Our study found that expression of miR-145-5p in GP3 was higher in the real GS6 compared with that in GS7 cancer, which was consistent with prior studies showing that miR-145-5p acted as tumor suppressor in PCa and was associated with high Gleason score, PSA and bone metastasis.26,27 Mechanism researches revealed that miR-145 in PCa was associated with DNA methylation and p53 mutation and suppressed cell proliferation, migration and invasion through targeting fascin-1, SWAP70 and human enhancer of filamentation 1.26,59 In a recent study, a significant difference for miR-145 was observed in the GU group by detecting from tumor tissues upon RP.20 While the predictive value of miR-145 for GU was not statistically significant in that research, our study discovered that miR-145-5p yielded an AUC value of 0.705 (95% CI, 0.612–0.798; P < 0.001) with 50.8% sensitivity and 84.8% specificity. Multivariate analyses showed that miR-145-5p was an independent predictor of GU. Furthermore, after identifying 125 potential target genes of miR-145-5p, we performed GO and KEGG pathway analyses to show the possible and crucial regulatory pattern of miR-145-5p. While small GTPase mediated signal transduction, GTPase regulator activity and cell leading edge were enriched in GO annotation, the adherens junction and endocytosis were the most significant pathways in KEGG pathway enrichment analysis.

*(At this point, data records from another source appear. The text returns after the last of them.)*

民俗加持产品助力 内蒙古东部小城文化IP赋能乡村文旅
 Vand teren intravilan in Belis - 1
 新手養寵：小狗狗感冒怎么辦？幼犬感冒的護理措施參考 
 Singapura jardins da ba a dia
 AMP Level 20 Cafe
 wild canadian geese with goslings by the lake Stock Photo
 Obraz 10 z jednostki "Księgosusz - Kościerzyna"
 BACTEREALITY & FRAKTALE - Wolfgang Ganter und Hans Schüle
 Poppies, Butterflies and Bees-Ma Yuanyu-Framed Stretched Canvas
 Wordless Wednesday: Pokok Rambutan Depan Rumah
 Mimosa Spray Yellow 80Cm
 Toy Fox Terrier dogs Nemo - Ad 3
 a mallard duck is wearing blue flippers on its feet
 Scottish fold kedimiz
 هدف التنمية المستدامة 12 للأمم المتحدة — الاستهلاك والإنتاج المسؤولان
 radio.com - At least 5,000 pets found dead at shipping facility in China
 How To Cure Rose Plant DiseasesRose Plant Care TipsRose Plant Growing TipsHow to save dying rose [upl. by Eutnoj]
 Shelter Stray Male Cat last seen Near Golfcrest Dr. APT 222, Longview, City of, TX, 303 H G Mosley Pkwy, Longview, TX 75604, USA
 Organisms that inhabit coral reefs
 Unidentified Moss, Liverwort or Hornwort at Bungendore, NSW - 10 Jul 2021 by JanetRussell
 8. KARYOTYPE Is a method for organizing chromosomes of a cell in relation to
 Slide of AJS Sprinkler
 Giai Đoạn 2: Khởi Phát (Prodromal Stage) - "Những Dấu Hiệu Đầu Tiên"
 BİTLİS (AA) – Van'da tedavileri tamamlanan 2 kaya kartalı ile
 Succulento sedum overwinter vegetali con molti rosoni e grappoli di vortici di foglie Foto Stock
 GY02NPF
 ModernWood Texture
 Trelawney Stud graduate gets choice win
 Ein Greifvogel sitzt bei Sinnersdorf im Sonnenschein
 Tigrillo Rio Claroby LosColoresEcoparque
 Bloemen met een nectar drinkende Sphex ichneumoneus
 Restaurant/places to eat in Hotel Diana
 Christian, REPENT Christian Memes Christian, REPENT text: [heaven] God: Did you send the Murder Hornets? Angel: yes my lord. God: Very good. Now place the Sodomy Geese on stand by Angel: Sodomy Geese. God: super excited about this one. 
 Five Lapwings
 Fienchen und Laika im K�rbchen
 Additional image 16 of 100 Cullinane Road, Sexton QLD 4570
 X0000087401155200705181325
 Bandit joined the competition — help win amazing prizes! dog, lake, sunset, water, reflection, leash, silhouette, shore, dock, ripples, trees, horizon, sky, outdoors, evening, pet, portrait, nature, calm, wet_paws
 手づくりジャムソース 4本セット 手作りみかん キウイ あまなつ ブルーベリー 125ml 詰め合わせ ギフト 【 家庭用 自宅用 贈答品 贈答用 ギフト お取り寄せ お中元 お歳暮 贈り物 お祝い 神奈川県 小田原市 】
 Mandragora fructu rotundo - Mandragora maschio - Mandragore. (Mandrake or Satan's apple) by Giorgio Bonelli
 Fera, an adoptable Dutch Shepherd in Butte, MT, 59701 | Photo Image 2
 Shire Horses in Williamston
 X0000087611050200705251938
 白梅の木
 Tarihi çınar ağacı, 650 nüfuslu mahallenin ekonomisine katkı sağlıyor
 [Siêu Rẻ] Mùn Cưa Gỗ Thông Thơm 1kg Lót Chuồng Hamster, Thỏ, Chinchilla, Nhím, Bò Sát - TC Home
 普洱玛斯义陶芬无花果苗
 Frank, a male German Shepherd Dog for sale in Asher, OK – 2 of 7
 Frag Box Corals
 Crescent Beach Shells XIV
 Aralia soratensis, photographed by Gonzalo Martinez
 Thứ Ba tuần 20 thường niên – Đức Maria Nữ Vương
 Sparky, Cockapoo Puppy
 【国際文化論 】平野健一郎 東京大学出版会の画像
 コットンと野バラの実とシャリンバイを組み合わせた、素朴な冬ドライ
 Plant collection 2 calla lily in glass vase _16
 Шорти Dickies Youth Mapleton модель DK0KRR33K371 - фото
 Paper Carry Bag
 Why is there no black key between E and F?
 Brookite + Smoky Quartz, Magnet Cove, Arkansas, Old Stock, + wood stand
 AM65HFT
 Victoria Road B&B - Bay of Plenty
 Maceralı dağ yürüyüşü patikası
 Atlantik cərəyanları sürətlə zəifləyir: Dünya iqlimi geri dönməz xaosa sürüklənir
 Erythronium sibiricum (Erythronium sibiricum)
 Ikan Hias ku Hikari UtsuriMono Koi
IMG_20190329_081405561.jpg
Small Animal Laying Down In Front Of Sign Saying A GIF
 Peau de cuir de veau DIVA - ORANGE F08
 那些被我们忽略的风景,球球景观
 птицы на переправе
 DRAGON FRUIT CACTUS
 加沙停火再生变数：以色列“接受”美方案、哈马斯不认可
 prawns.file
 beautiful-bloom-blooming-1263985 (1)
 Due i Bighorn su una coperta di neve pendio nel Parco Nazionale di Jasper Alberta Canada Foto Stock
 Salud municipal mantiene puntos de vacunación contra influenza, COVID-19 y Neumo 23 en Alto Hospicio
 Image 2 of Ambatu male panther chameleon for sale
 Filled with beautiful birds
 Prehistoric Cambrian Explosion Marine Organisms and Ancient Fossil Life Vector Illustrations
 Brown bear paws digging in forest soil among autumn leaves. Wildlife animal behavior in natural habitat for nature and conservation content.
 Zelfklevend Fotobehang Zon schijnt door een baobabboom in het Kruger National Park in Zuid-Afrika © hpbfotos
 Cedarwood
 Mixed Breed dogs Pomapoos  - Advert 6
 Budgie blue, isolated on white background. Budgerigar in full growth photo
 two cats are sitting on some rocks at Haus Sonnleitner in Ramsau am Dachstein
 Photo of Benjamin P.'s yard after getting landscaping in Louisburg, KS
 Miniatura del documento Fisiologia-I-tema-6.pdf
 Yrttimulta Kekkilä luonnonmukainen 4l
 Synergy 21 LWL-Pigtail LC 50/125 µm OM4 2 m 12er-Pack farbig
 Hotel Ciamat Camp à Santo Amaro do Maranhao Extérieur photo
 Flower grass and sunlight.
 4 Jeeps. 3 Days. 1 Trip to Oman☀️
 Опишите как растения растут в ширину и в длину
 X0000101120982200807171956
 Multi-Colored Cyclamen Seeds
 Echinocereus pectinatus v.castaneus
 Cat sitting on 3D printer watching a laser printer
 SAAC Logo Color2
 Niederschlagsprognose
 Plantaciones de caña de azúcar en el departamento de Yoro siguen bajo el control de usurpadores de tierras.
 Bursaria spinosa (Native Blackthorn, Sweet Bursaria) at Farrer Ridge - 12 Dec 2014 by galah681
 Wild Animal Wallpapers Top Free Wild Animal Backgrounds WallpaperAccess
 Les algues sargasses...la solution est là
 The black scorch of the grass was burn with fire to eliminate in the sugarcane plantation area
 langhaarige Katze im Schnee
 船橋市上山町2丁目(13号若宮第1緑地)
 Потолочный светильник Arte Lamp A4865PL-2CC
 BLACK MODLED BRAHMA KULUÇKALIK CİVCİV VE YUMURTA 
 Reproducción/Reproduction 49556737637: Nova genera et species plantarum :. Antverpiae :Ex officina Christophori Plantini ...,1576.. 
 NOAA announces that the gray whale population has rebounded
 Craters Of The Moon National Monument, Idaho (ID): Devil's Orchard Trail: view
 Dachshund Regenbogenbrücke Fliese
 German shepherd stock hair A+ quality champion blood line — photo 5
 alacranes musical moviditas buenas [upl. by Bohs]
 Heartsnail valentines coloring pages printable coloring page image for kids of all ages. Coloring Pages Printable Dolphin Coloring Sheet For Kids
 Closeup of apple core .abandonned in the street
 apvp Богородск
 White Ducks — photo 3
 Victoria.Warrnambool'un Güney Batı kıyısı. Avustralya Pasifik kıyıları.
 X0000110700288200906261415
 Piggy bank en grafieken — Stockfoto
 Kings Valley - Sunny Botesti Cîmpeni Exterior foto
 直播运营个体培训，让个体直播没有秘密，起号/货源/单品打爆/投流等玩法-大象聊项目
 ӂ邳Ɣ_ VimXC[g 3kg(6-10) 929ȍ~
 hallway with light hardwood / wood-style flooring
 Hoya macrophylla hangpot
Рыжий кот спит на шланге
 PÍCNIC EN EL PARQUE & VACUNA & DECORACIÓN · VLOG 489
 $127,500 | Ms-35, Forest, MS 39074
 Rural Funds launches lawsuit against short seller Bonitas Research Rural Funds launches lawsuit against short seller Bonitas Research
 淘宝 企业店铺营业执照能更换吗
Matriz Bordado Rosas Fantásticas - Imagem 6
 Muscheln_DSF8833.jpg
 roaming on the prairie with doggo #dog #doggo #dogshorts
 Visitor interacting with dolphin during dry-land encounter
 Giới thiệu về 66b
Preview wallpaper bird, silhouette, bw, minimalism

As a regulatory target by miR-145-5p,60 the small GTPase Rac1 initiates a series of signaling networks, including regulatory complex of actin cytoskeleton remodeling, activation of protein kinases (PAKs, MAPKs) and transcription factors (NFkB, Wnt/β-catenin/TCF, STAT3, Snail), indicating a close association with the neoplastic progression from dysplasia to the metastatic cascade.61 Furthermore, recent research has reported that as a member of bromodomain and extraterminal domain protein family, BRD4 stabilization led to enhanced expression of the RAC1 and cholesterol-biosynthesis-associated genes together with activation of AKT-mTORC1 signaling in SPOP-mutant PCa, further suggesting a close connection between GTPase and PCa.62
Conclusions
Our results show that early detection of miR-145-5p in prostate biopsy samples scored GS6 is useful in determining the aggressiveness of a given GS6 lesion and predicting GU upon subsequent biopsies or RP. It is hoped that in the future, miRNAs, along with molecular and genetic markers, can be applied in addition to GS to provide a more appropriate timing of active intervention for PCa patients with biopsy samples scored 3+3=6.
Abbreviations
AUC, the area under the ROC curve; AS, active surveillance; BP, biological process; BR, biochemical recurrence; CC, cellular component; FFPE, formalin-fixed, paraffin-embedded; GO, Gene oncology; GP, Gleason pattern; GS, Gleason score; GU, Gleason upgrading; KEGG, Kyoto Encyclopedia of Genes and Genomes; LCM, Laser capture microdissection; MF, molecular function; miRNAs, MicroRNAs; PCa, prostate cancer; PSA, prostate-specific antigen; PSAD, prostate-specific antigen density; ROC, receiver operator characteristics; RP, radical prostatectomy; SD, standard deviation.
Data Sharing Statement
All data generated that are relevant to the results presented in this article are included in this article. Other data that were not relevant for the results presented here are available from the corresponding author Dr. Wang upon reasonable request.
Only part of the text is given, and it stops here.